C’è una frase che mi ha colpito in modo particolare nel documento di quasi seicento pagine redatto dai magistrati della Procura di Catania che indagano sui rapporti fra Raffaele Lombardo e suo fratello Angelo e la mafia.
E’ il passaggio che riguarda la presenza in giunta di due magistrati (che, ai tempi a cui fanno riferimento le indagini, erano Massimo Russo e Giovanni Ilarda): secondo i pm catanesi quella di Lombardo era stata una scelta strategica. “Una strategia – si legge nel documento - che mirava a presentarsi come soggetto politico che, godendo della fiducia di due autorevoli e noti magistrati siciliani, non era per ciò stesso sospettabile di contiguità alcuna”.
Cioè, detto terra terra, quei magistrati all’interno del governo regionale avevano la funzione di specchietto per le allodole o, peggio, di foglia di fico per coprire le schifezze di Lombardo.
Frasi pesanti - soprattutto se ti arrivano dai tuoi colleghi e soprattutto se i tuoi colleghi sono dei magistrati - che inducono a qualche riflessione.
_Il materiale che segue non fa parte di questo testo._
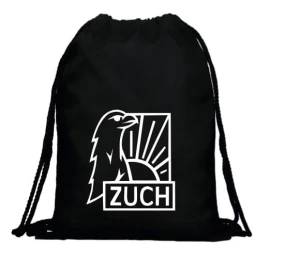Worek zuchowy czarny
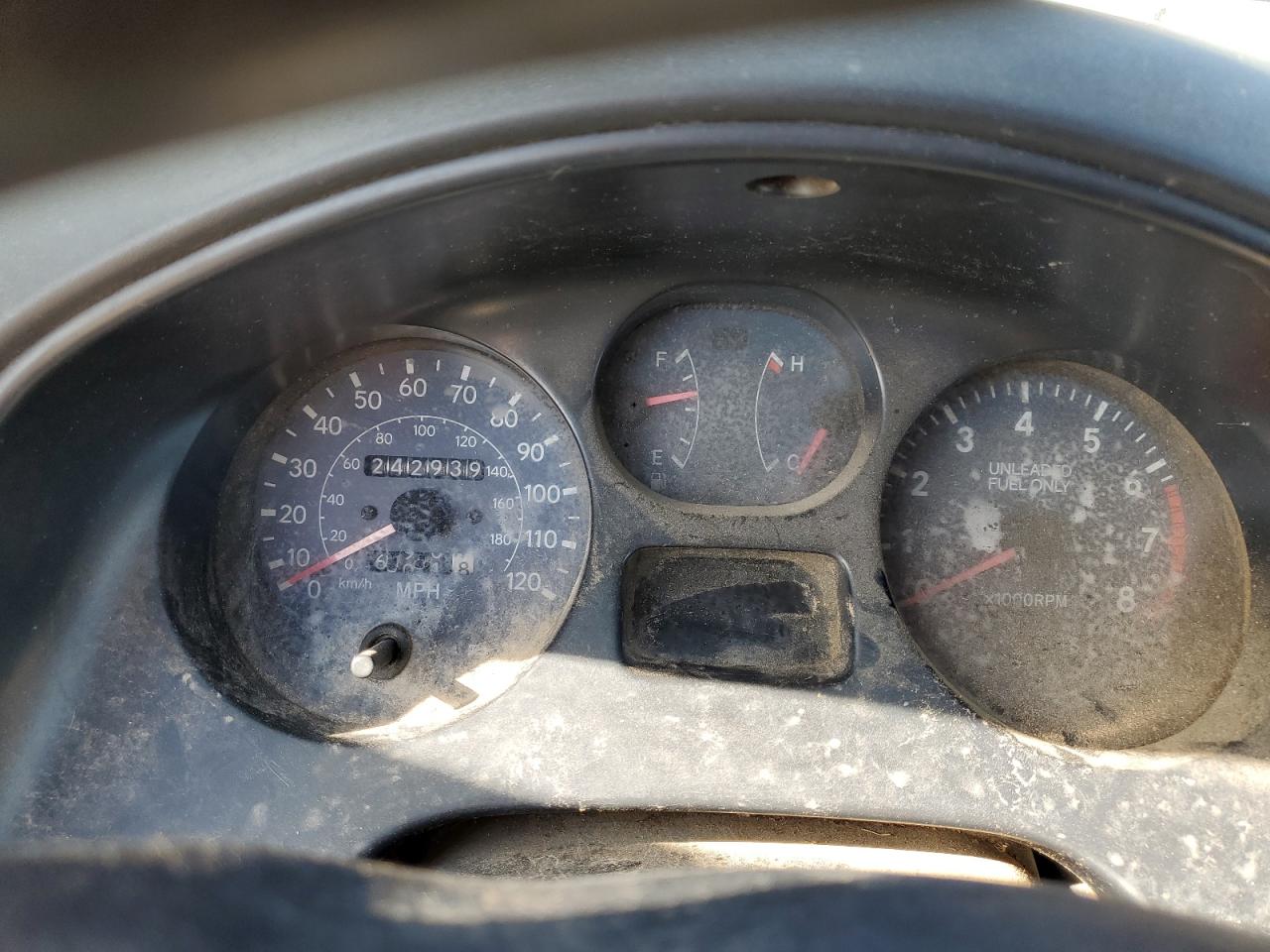 1996 Toyota RAV 4 - Image 9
Ilarda nel frattempo si è dimesso, ma Massimo Russo è rimasto inchiodato nel suo ruolo di assessore alla Sanità (perverso e perfetto esempio di spoil system, dove dai posti di comando levi i merdosi del tuo rivale e ci metti i merdosi tuoi) e nel frattempo è arrivata Caterina Chinnici, non solo magistrato ma figlia di un giudice ucciso dalla mafia. Possibile che non avvertano un minimo di vergogna ad essere visti dai loro stessi colleghi come portatori d’acqua? Possibile che, mentre sono a casa, passando davanti a uno specchio, non siano portati impercettibilmente ad abbassare lo sguardo?
Da Russo non me lo aspetto più, perché ha dimostrato di essere in perfetta sintonia con Lombardo, ma da Caterina Chinnici vorrei sentire un sussulto di dignità.
Come vorrei sentirlo da chi dovrebbe occuparsi dei rapporti (e della difficoltà di rapporti) fra magistrati all’interno di una procura e soprattutto da chi dovrebbe vigilare sulla correttezza e onestà dei magistrati. Perché non c’è dubbio che ci sia più di una nota stonata in questa vicenda, in cui i pm (cioè quelli che si sono studiate tutte le carte, virgole comprese) parlano senza alcun dubbio di rapporti provati “diretti e indiretti” dei boss di Cosa nostra con i fratelli Lombardo e anzi di “Rapporto non occasionale né marginale ma cospicuo, diretto e continuativo grazie al quale l’uomo politico poteva avvalersi del costante e consistente appoggio elettorale della criminalità organizzata di stampo mafioso a lui vicina”, mentre il loro procuratore capo, Vincenzo D’Agata, sente ogni due per tre il bisogno compulsivo di apparire in tv o sui giornali locali o forse persino di affacciarsi dal balcone di casa sua per sostenere – più o meno - che a carico del presidente della Regione non c’è niente. Limpido e puro come acqua di sorgente.
Forse qualcuno (il Csm?) dovrebbe chiedersi cosa sta accadendo alla procura di Catania, se ci sono problemi di “incompatibilità ambientale”, se ci sono magistrati che non sanno svolgere le indagini, se ci sono magistrati che mentono, se ci sono magistrati che hanno interessi personali in questa faccenda.